Du boycott, il convient donc d'adopter une approche réaliste. S'il gêne l'adversaire, ayons-y recours, s'il le sert, évitons-le. Ainsi de Nice, ville touristique s'il en fut. Une des raisons qui conduisirent M. Peyrat à quitter le Front national fut sa conviction qu'il ne parviendrait pas à être élu sous cette étiquette, notamment parce qu'elle suscitait une désapprobation nationale et internationale telle que le risque d'un boycott, même larvé, pèserait alors sur la ville. Utiliser la menace d'un boycott comme argument pré-électoral n'est donc pas absurde. Donner une piqûre de rappel, comme le fit le photographe et écrivain Denis Roche, pas inutile [Voir Artistes].

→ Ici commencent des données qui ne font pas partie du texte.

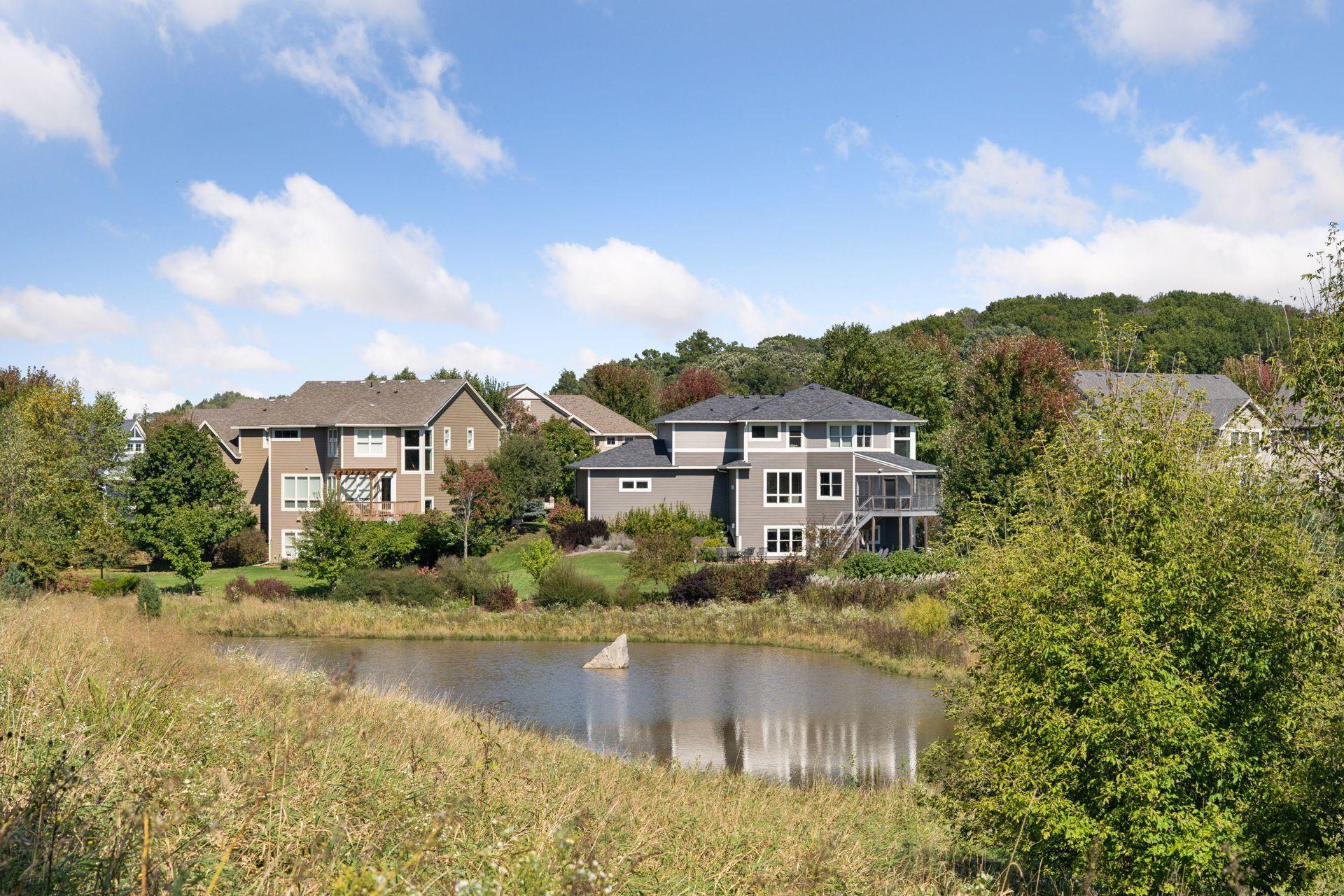 View of Residential at 10964 Bentwater Lane, Woodbury MN 55129, Woodbury (105 of 121) - Mike Wilen | Minnesota Team Real Estate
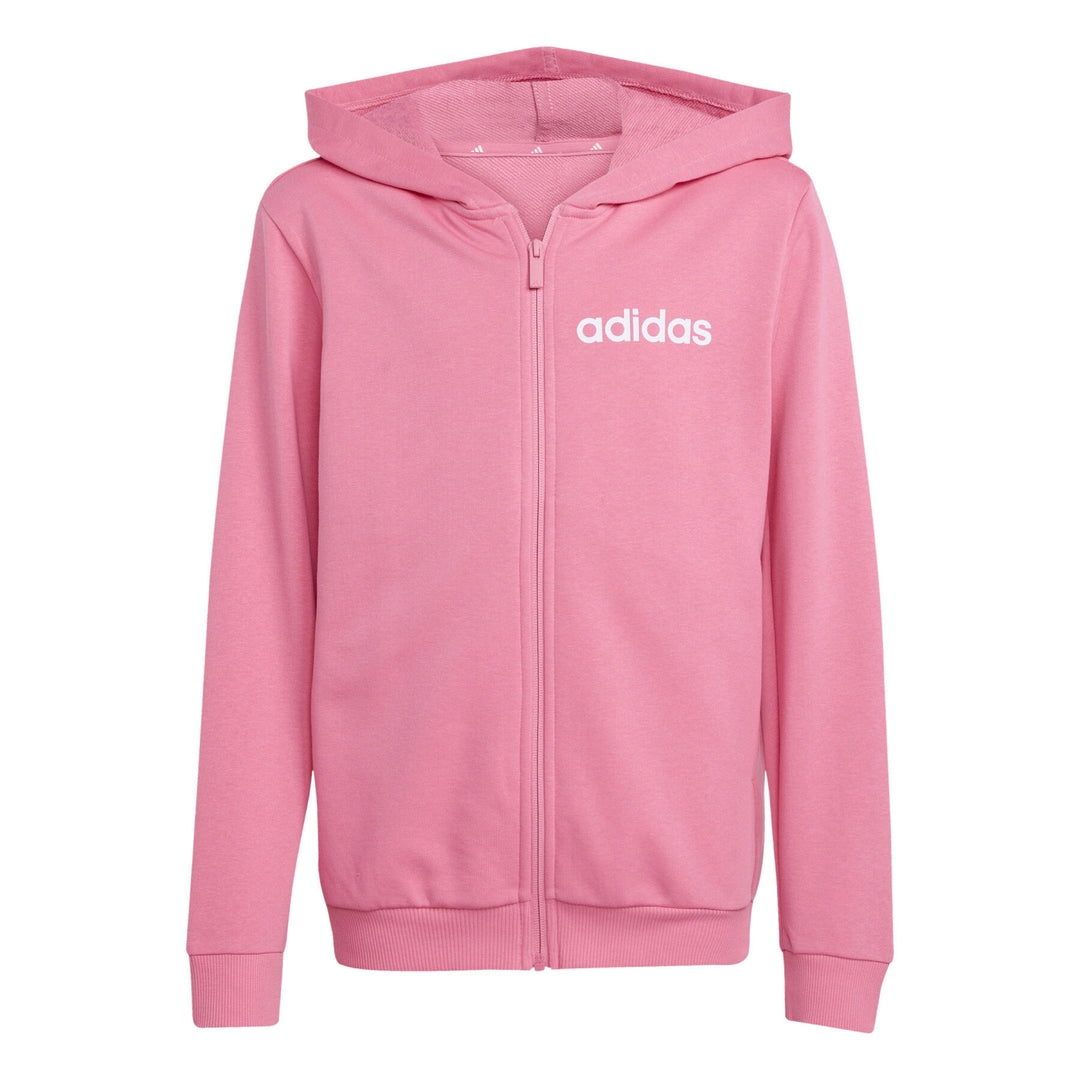 JN2426 - Giacche - Adidas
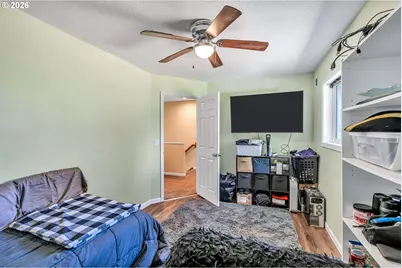 12313 S Groshong Rd, Molalla, OR 97038 - Photo 28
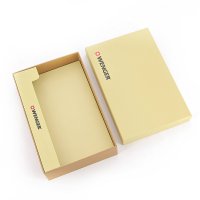  Wenger Arizona,  , ,  , 11,52,516,5 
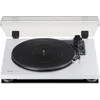 Image de Teac TN-180BT-A3 Blanc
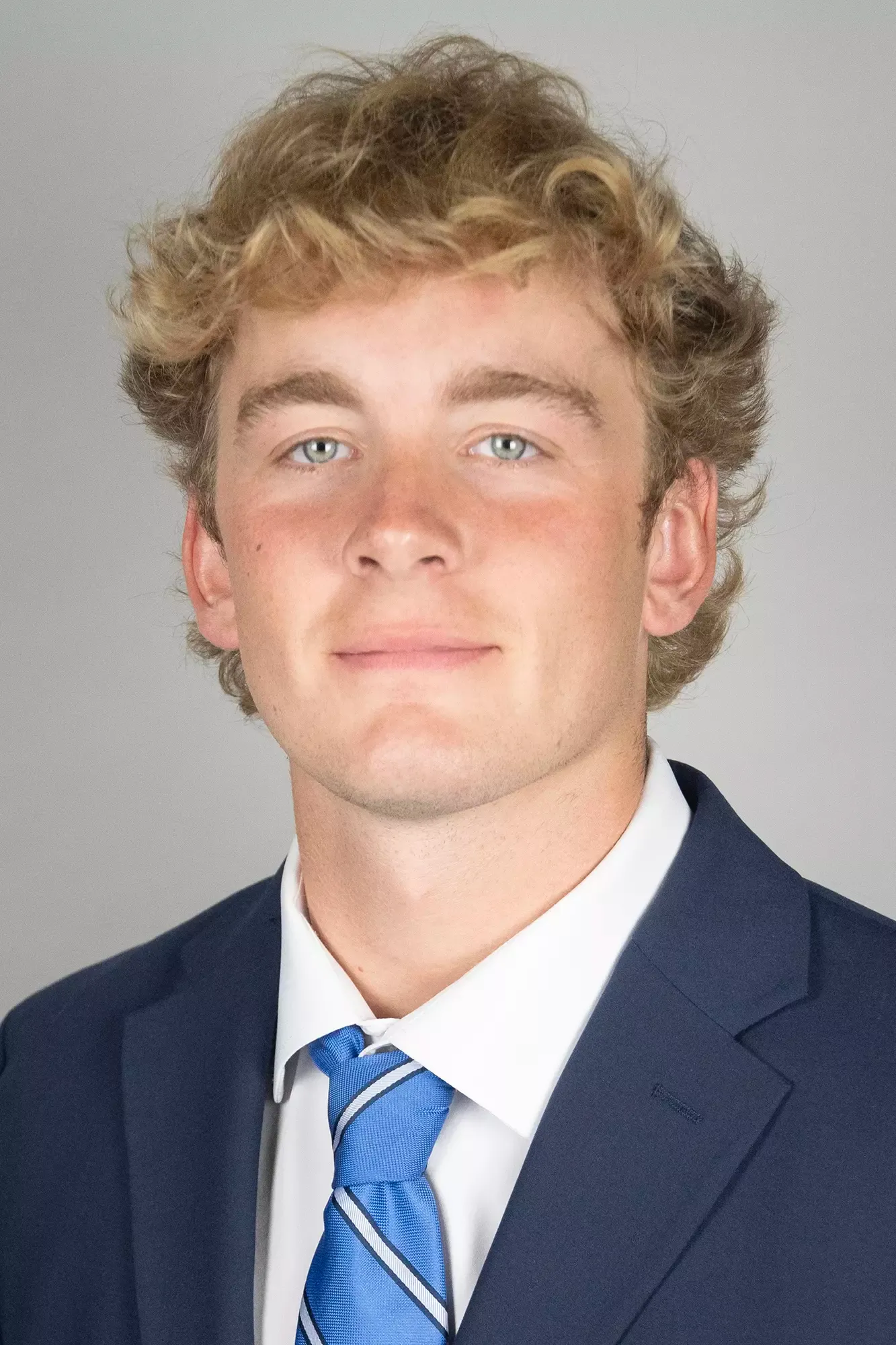 Cael Dexter, Football, undefined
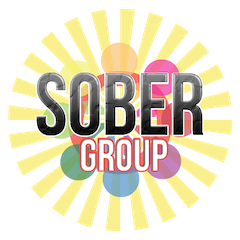 SoberGroup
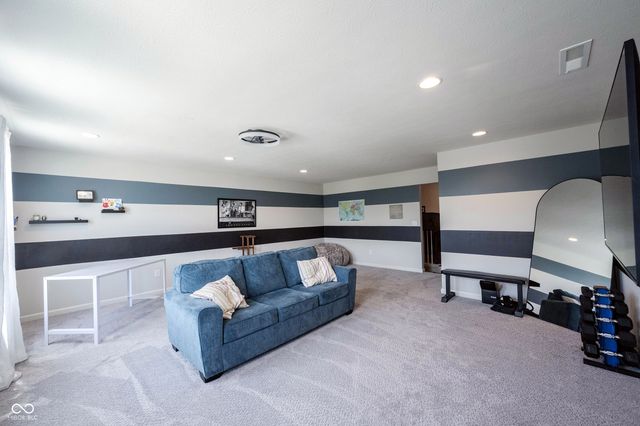 16641 Bingham Drive, Westfield, IN 46074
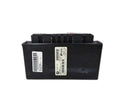 Módulo electronico 61359221110 de Bmw Serie 5 touring (e61)
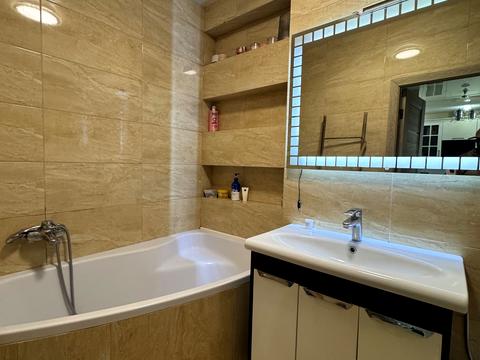 квартира за адресою Кульпарківська вул., 164а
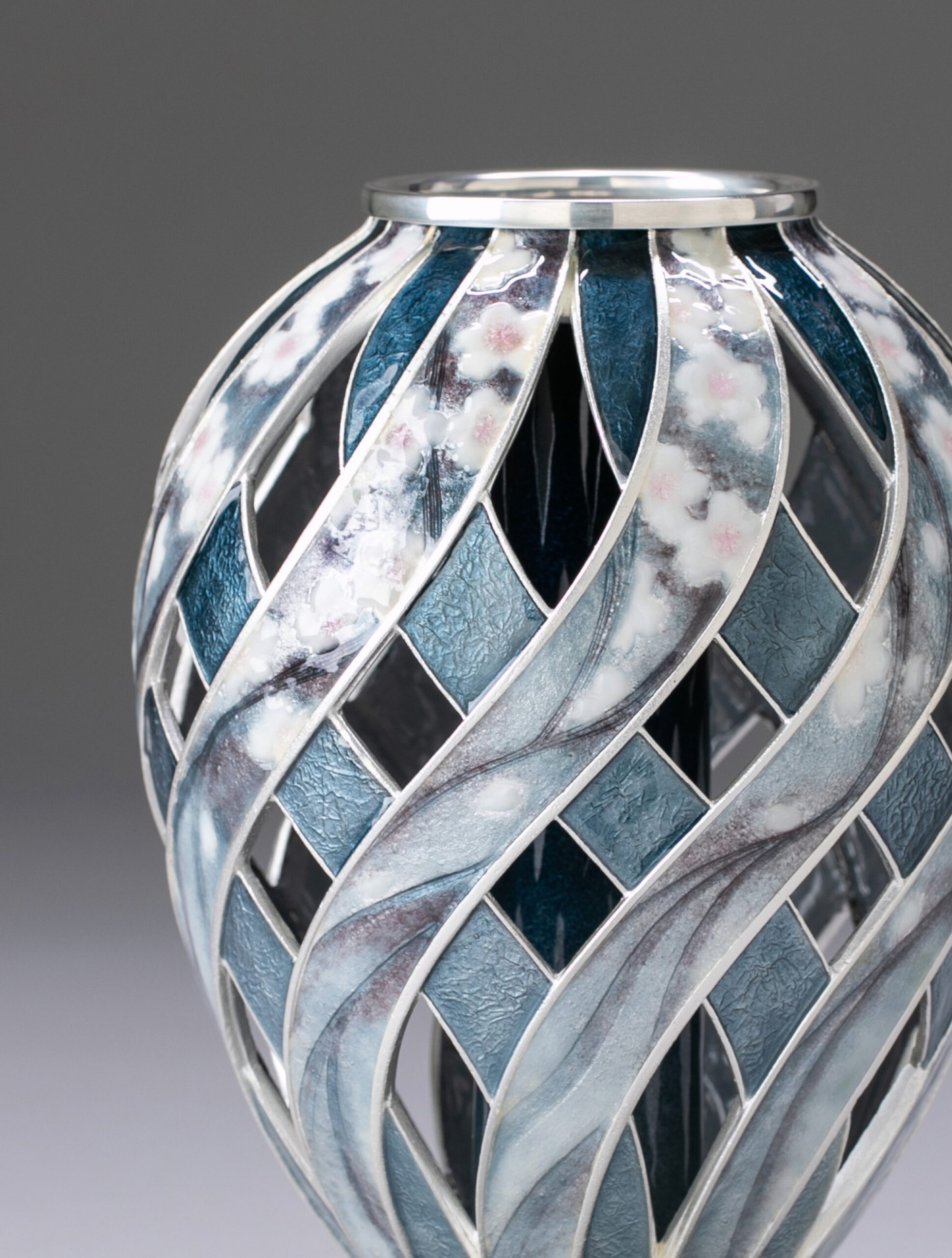 2025 特別賞｜安藤七宝店 – 一般社団法人日本和文化振興プロジェクト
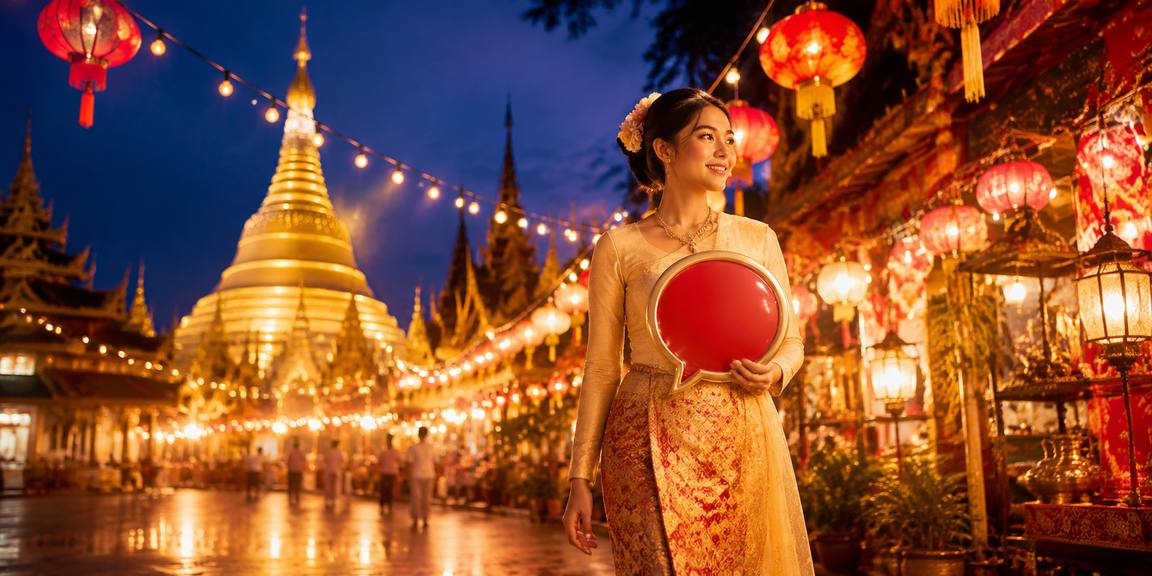 555mixagent 555mixagent ရှိ Magic Lamp ခြင်းများ
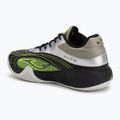 Men's basketball shoes Joma Zero dark gray 3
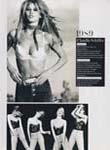 L'Officiel (Turkey-2013) L'Officiel (Turkey-2013)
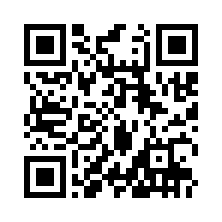 QR Code for 1Bee9VP4qnyd3t2xp8QHPSRNLv72mfo1qW
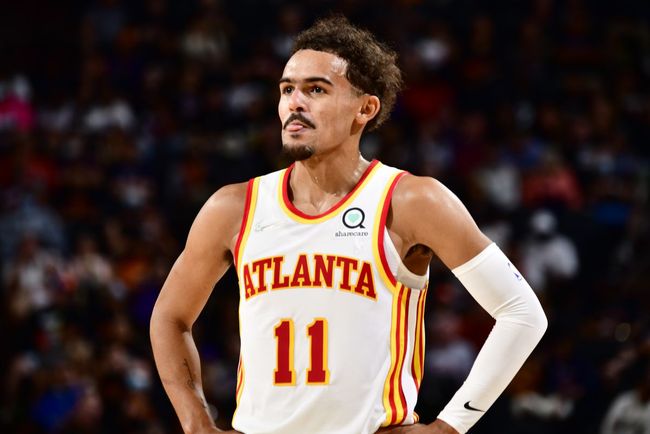 剑南春｜皇马3-0客胜毕包，姆巴佩一条龙+世界波，阿诺德伤退（剑南春｜皇马客场3-0轻取毕尔巴鄂，姆巴佩千里走单骑轰世界波，阿诺德伤退）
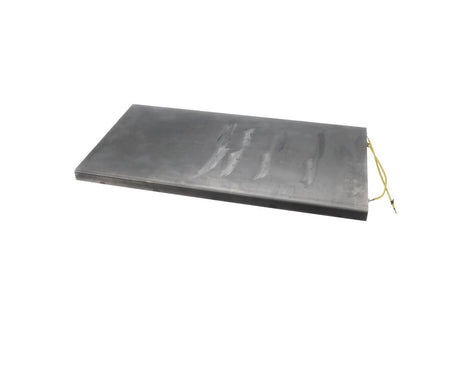 MIDDLEBY PARTS Middleby 77353 240V Hearth Plate - SKU MD77353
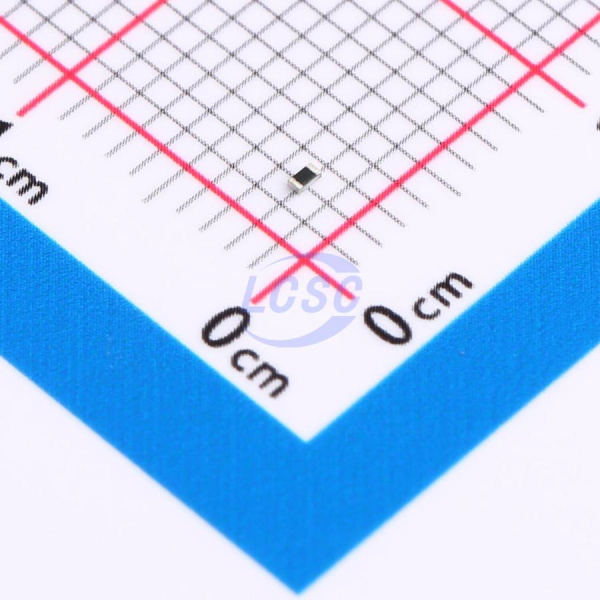 Резистор Bourns SMD Bourns CR0402 CR0402-JW-103-G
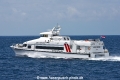 Krilo Nomadic 050623-6.jpg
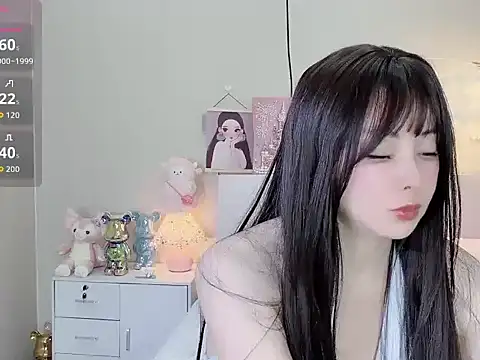 wanglu-13 online show from July 2026 02:59:01 PM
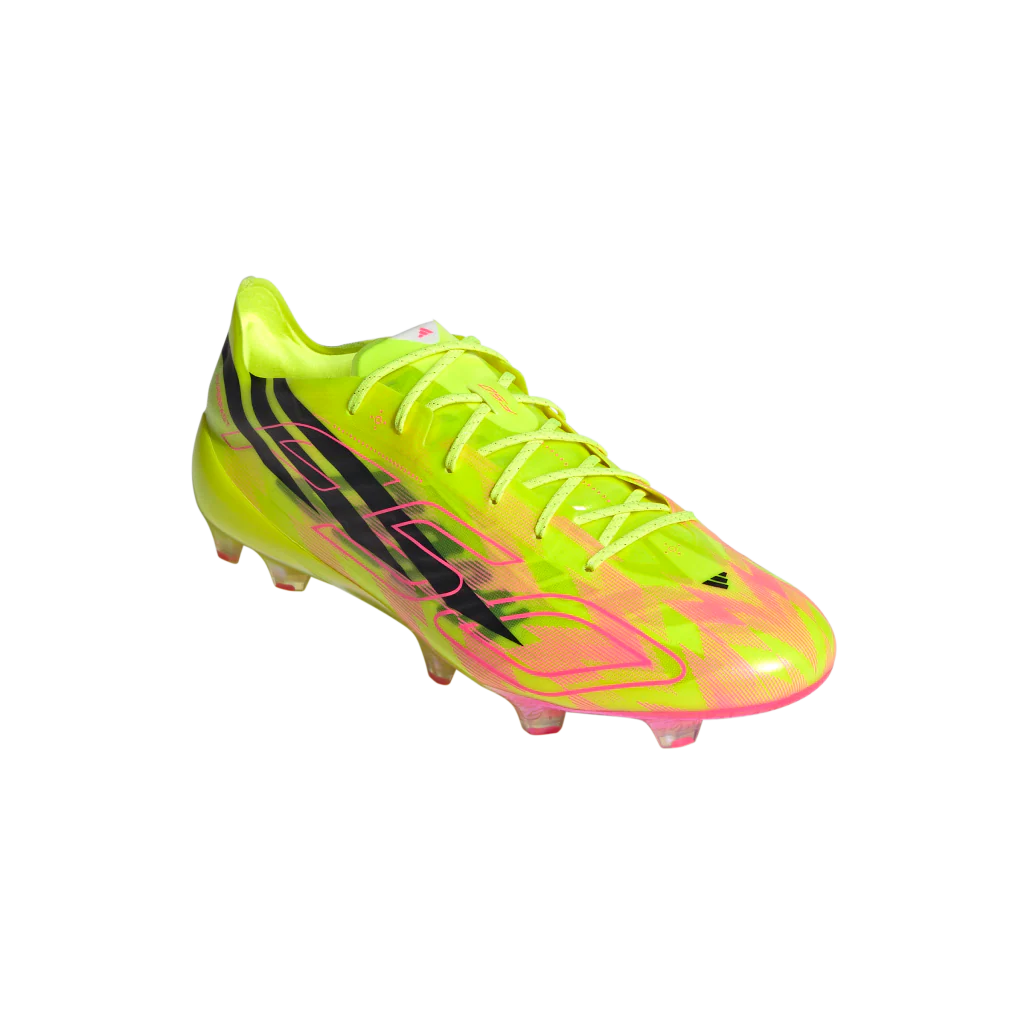 F50 Hyperfast EVO FG - Special Edition (KJ6106) - Image 9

Avoir du boycott une conception stratégique et tactique, ce précepte vaut, du moins pour les politiques. Lorsqu'il gêne l'adversaire, autant le lui faire subir. Lorsqu'il ne dérange que ses opposants, autant le leur épargner. Lorsqu'il s'avérerait dérisoire, autant l'éviter.

Bretagne

On parle toujours des régions ou des villes où l'extrême droite progresse. Pas de celles où elle échoue. Elles nous apprennent pourtant beaucoup. Ainsi dans l'ouest de la France, où le Front national piétine. Parce que la gauche a su s'y renouveler, et travailler sur le terrain. Parce que la tradition démocrate-chrétienne y est vive, et contribue à la résistance mentale. Parce qu'un grand journal, le plus important quotidien français par ses ventes, Ouest-France, sait marier pluralisme et engagement démocratique.

Bref, parce que le refus de l'extrémisme haineux est l'affaire de tous.